Provided entries Start Marker
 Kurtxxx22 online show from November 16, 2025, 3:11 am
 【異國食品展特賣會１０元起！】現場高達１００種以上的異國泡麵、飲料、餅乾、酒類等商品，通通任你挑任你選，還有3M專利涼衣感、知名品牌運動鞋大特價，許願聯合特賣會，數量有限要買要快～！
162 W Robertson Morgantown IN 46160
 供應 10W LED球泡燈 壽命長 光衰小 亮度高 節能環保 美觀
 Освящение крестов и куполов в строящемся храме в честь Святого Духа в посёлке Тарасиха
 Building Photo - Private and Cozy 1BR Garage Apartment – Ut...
Provided entries End Marker
Provided entries Start Marker
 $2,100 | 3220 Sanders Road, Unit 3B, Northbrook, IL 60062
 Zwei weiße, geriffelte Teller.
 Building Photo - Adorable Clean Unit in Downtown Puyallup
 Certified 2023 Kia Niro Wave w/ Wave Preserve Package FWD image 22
Provided entries End Marker
### Instructions for the task
Above are the entries. Output exactly the lines beginning with the line that has "Kurtxxx22 online show" and ending with the line that has "Building Photo - Private".

### Answer section
 Kurtxxx22 online show from November 16, 2025, 3:11 am
 【異國食品展特賣會１０元起！】現場高達１００種以上的異國泡麵、飲料、餅乾、酒類等商品，通通任你挑任你選，還有3M專利涼衣感、知名品牌運動鞋大特價，許願聯合特賣會，數量有限要買要快～！
162 W Robertson Morgantown IN 46160
 供應 10W LED球泡燈 壽命長 光衰小 亮度高 節能環保 美觀
 Освящение крестов и куполов в строящемся храме в честь Святого Духа в посёлке Тарасиха
 Building Photo - Private and Cozy 1BR Garage Apartment – Ut...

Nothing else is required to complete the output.